Angus Reid also looked at public opposition to the province’s Declaration on the Rights of Indigenous Peoples Act (DRIPA), which all five Conservative leadership hopefuls have said they would repeal if they formed a government in B.C.
Passed into law in 2019, DRIPA uses a similar UN declaration as the province’s framework for Indigenous reconciliation, and mandates that it bring provincial laws into alignment with that document, as well as develop and implement an action plan in consultation with Indigenous peoples.
It has proven unwieldy and unpopular . Almost half (47 per cent) of British Columbians support a repeal of the legislation, including more than a quarter (26 per cent) of those who voted NDP in the last provincial election in 2024.

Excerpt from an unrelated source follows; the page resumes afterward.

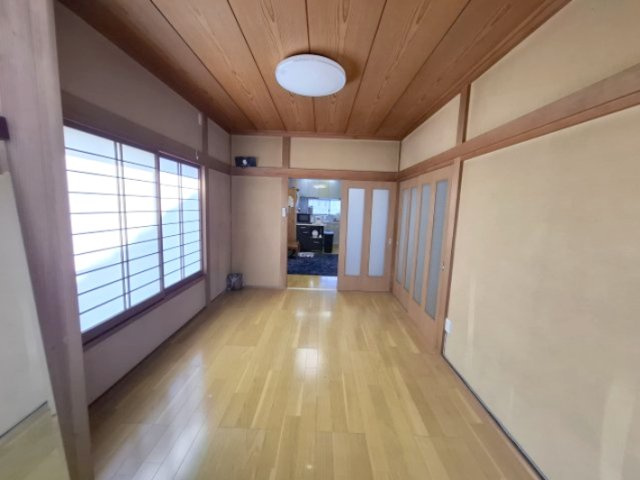 売中古戸建　静岡市駿河区緑が丘町の洋室|リビングと玄関ホールとつながる洋室。生活動線もスムーズです。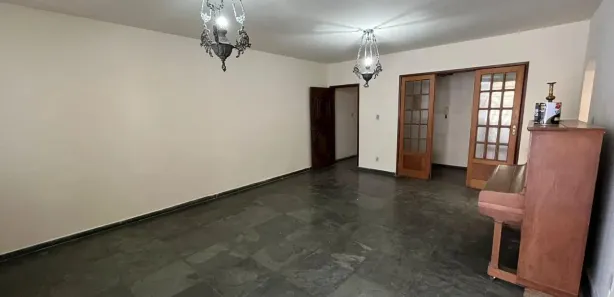 Casa com 5 Quartos para alugar, 360m² no Santo Antônio, Belo Horizonte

The poll also found a sharp split on the question on whether the province has done enough work on reconciliation. Two in five respondents (41 per cent) said enough had been done, while 34 per cent said there was still much to do, and 17 per cent said there was still a little to do. Eight per cent weren’t sure.
Additionally, 55 per cent of those polled said they thought Eby had done a bad or very bad job balancing Aboriginal land rights and private property rights, a number that swelled to 83 per cent among Conservative voters.
There was also confusion over whether DRIPA allows First Nations to veto land development in the province, with 39 per cent saying it does, 26 per cent saying it does not, and more than a third (35 per cent) saying they just didn’t know.
As to whether the province would be better or worse off economically in a future under DRIPA, a slim majority (51 per cent) said it would be worse off or much worse off. That number was even higher among those who claimed to be be familiar with the legislation, with 60 per cent in the “worse” camp.
The poll noted that Eby had told First Nations leaders in April that he planned to suspend DRIPA for up to three years, before backing down amid anger from that group.
“This has been, if I can speak frankly, probably the most challenging issue I’ve worked on in government,” Eby said at the time. “It is absolutely possible, as a leader, to move off confidently in the wrong direction.”
The Angus Reid Institute conducted the online survey from April 24 to 28 among a randomized sample of 804 adult B.C. residents. A sample of this size would carry a margin of error of plus or minus three percentage points, 19 times out of 20.